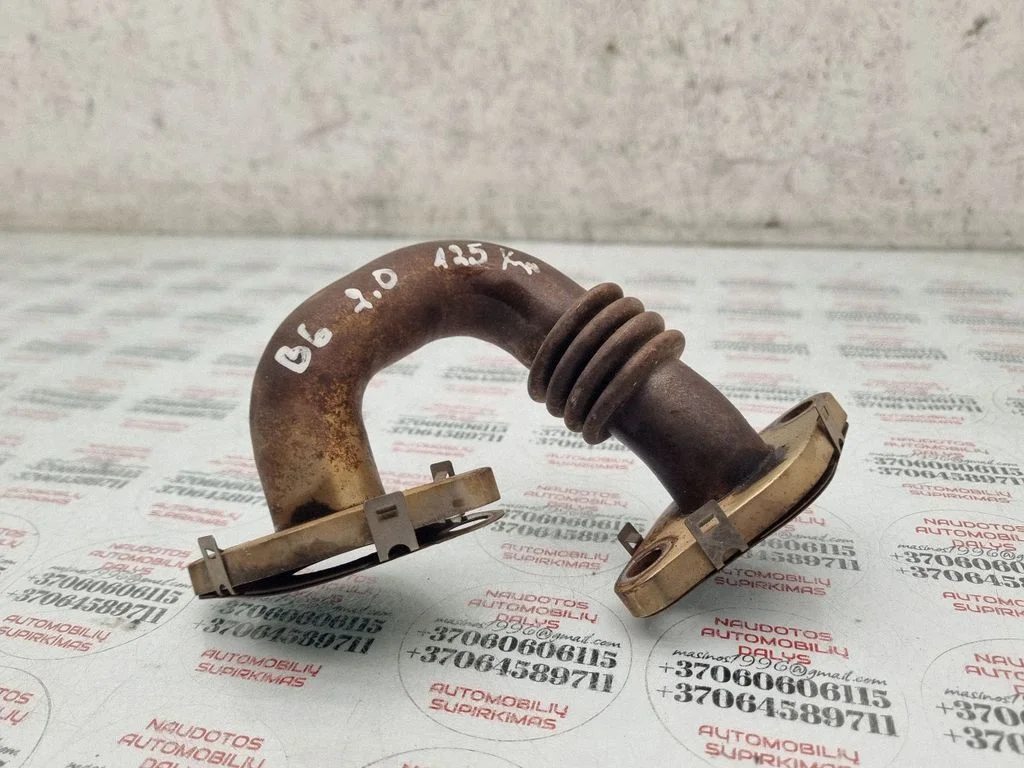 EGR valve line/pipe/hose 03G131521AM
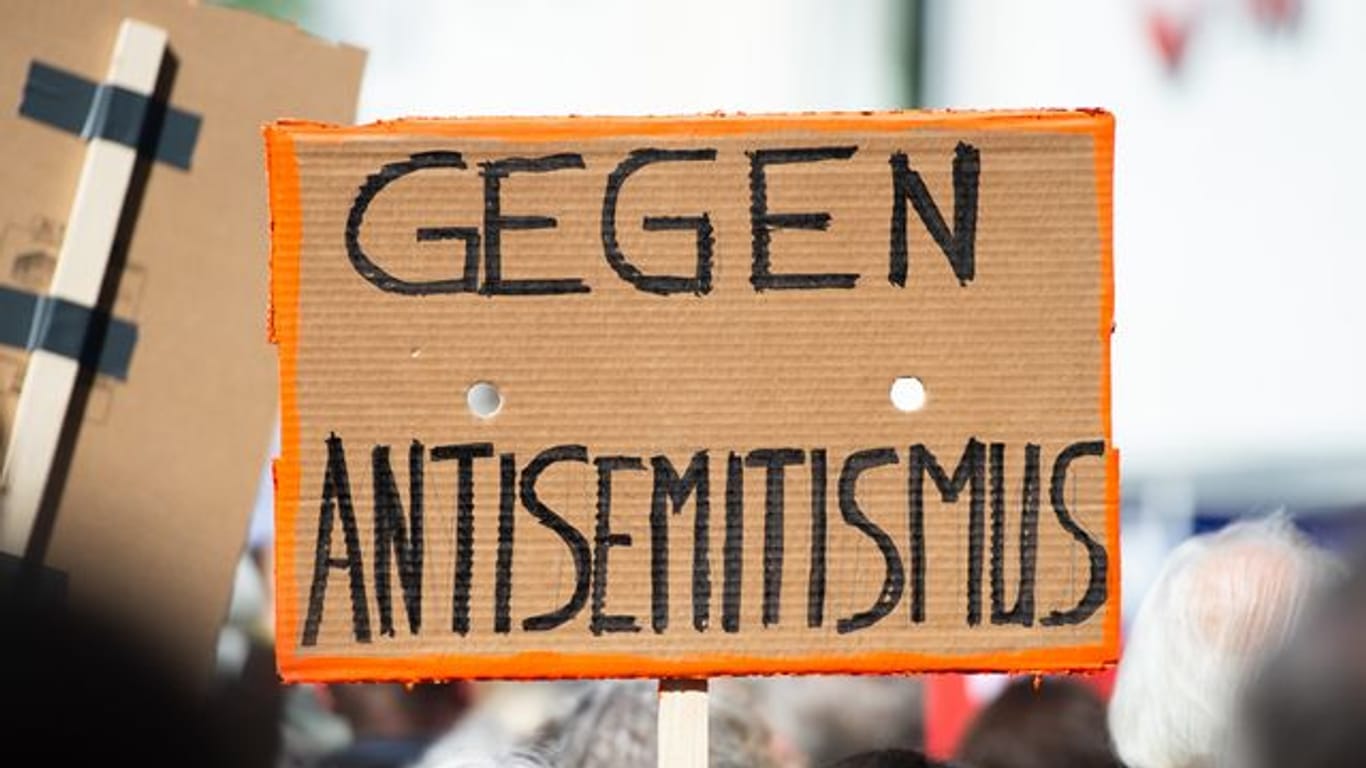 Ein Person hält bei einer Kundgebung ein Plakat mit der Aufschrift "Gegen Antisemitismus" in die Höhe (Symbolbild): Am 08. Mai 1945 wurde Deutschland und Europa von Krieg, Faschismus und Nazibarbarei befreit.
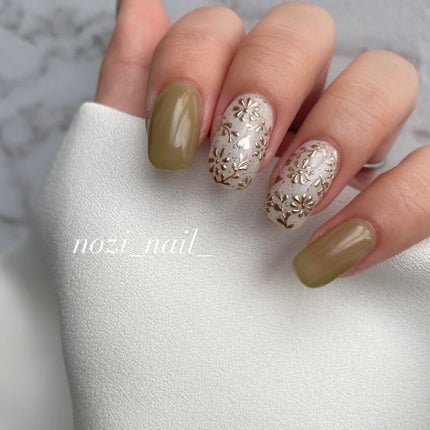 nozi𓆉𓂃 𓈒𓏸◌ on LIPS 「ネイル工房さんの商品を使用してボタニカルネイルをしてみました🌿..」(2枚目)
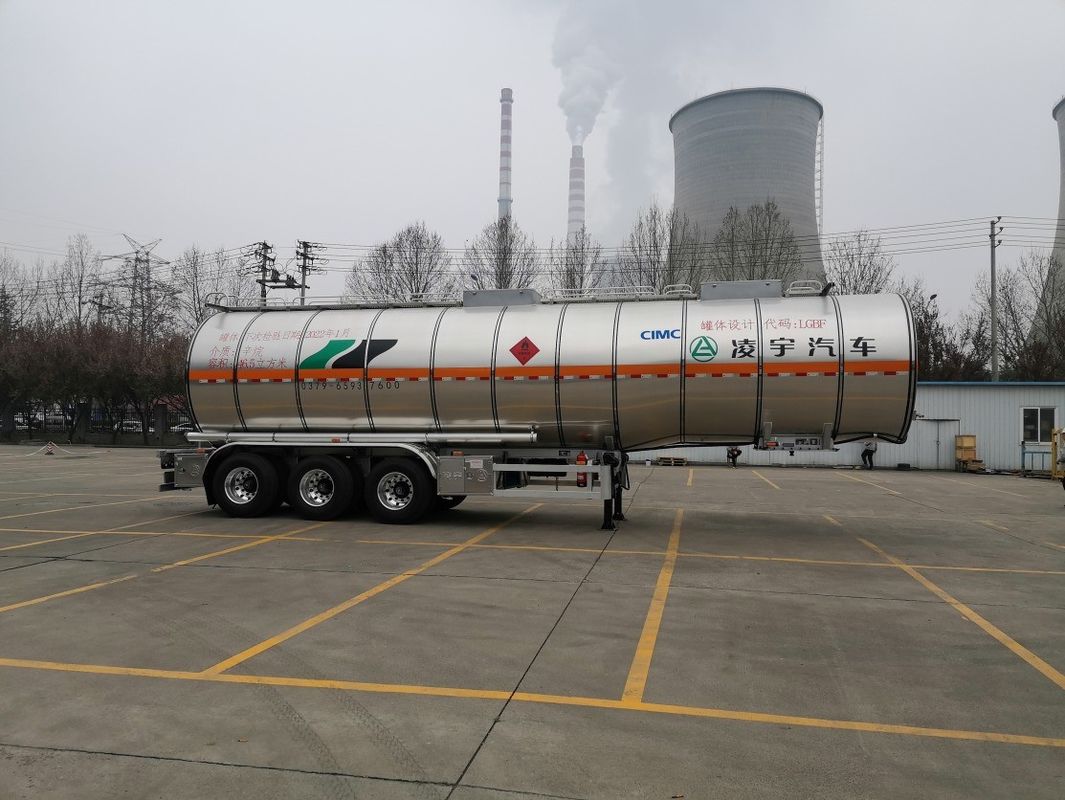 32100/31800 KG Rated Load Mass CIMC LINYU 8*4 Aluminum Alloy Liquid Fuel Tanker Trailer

_____

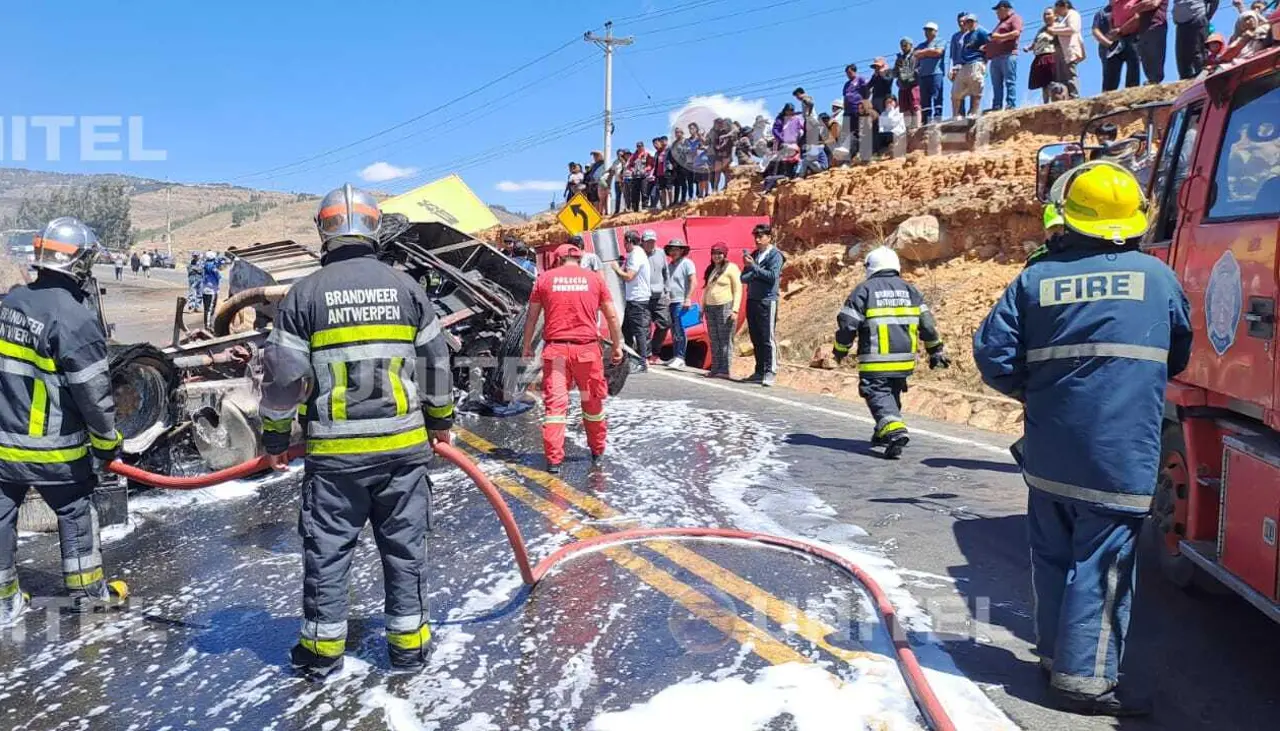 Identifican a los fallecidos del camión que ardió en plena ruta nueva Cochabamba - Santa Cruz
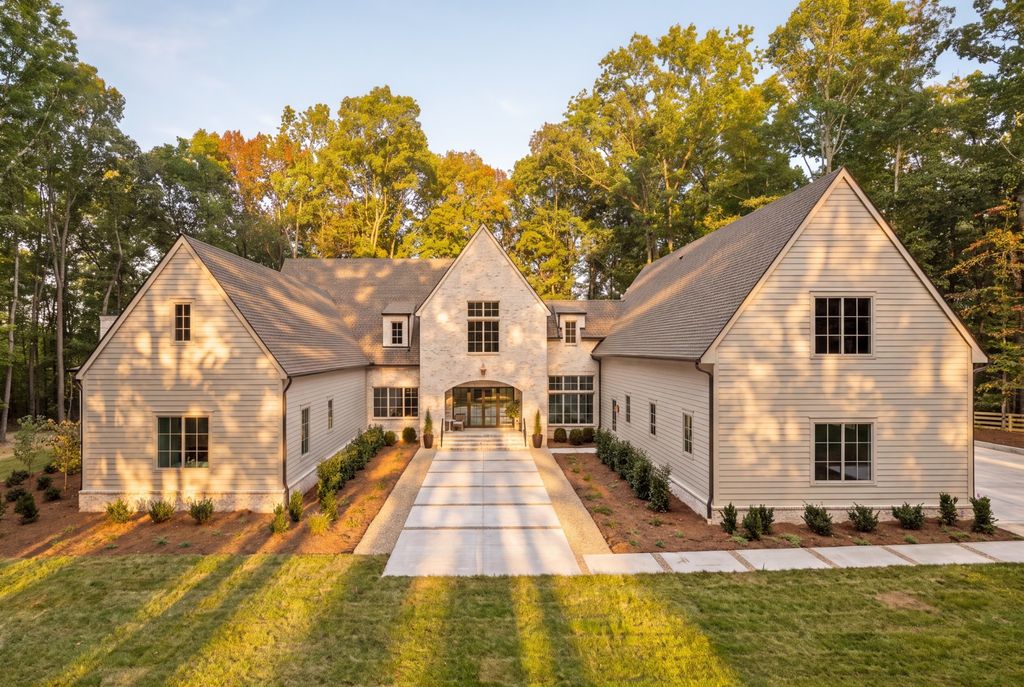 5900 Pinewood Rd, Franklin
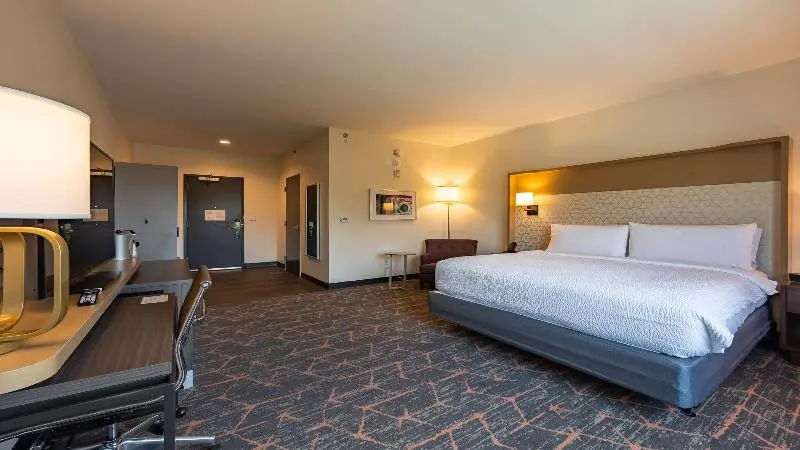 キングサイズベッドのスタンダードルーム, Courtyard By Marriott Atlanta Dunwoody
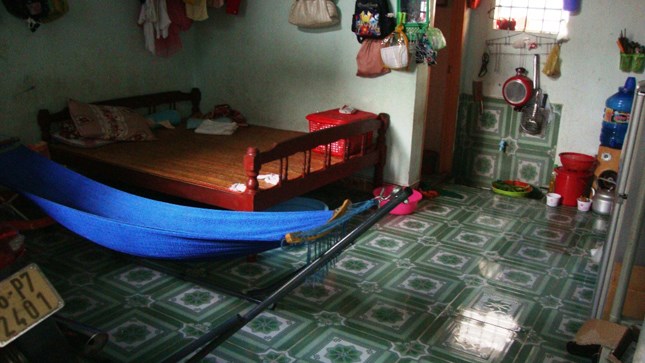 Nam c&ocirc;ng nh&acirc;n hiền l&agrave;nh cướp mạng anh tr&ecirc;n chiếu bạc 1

_____

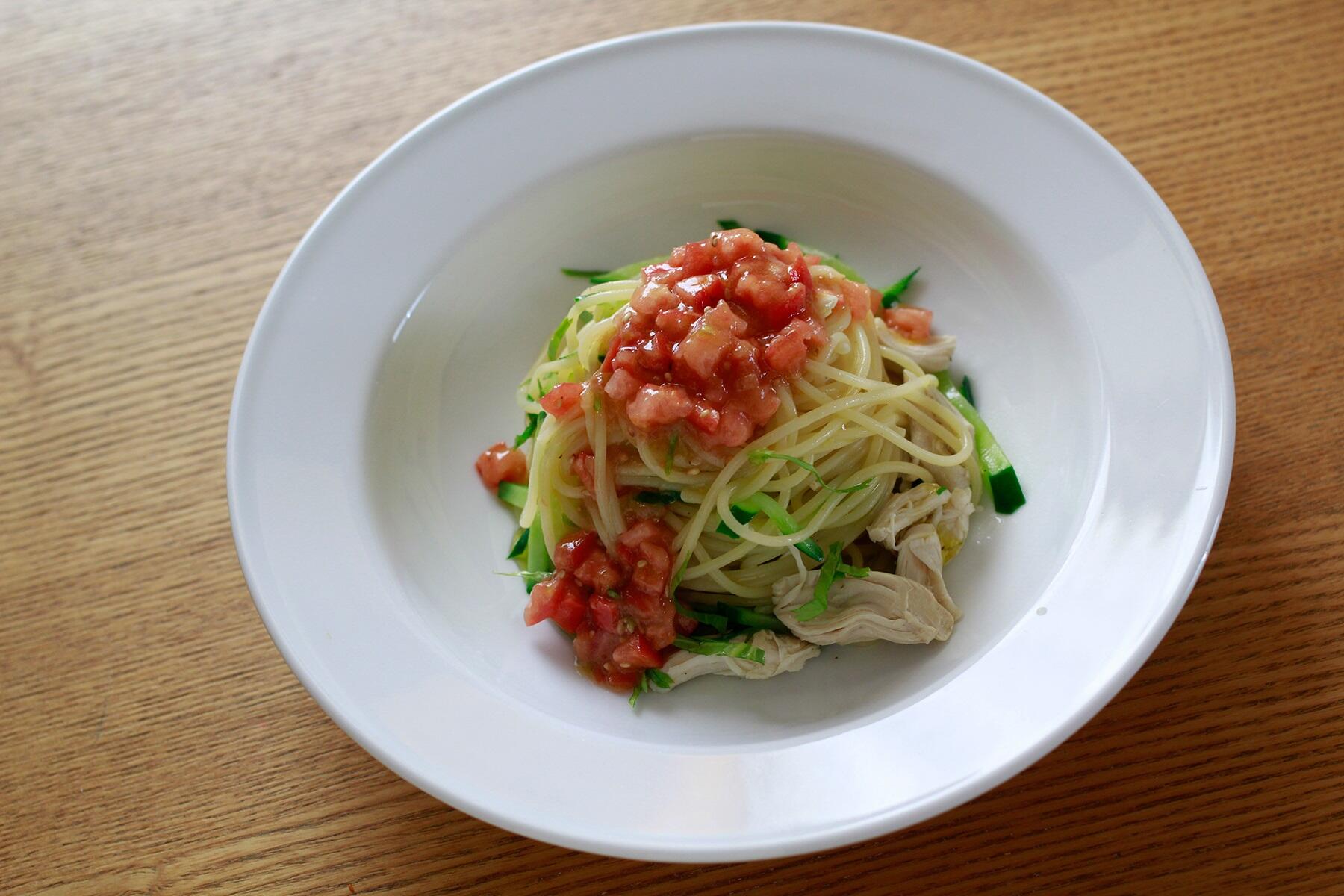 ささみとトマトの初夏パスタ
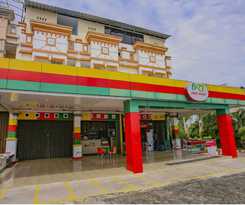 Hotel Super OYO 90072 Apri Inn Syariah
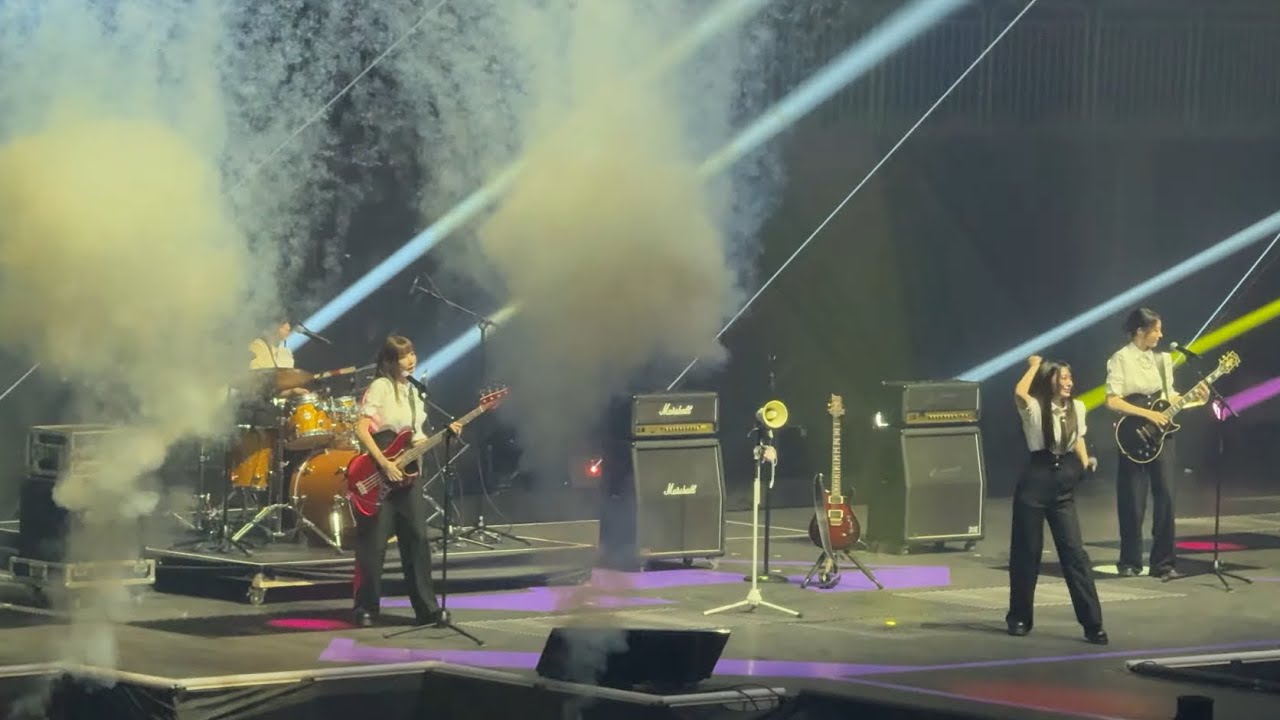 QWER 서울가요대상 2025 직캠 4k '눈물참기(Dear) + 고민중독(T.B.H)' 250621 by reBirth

_____

• _WHAT THE TASK REQUIRES_
Everything from the line above that contains "Hotel Super OYO 90072 Apri Inn Syariah" down to the line that contains "QWER 서울가요대상 2025" must be reproduced exactly, both ends included. Omit the pictures.

• _TASK RESULT_
 Hotel Super OYO 90072 Apri Inn Syariah
 QWER 서울가요대상 2025 직캠 4k '눈물참기(Dear) + 고민중독(T.B.H)' 250621 by reBirth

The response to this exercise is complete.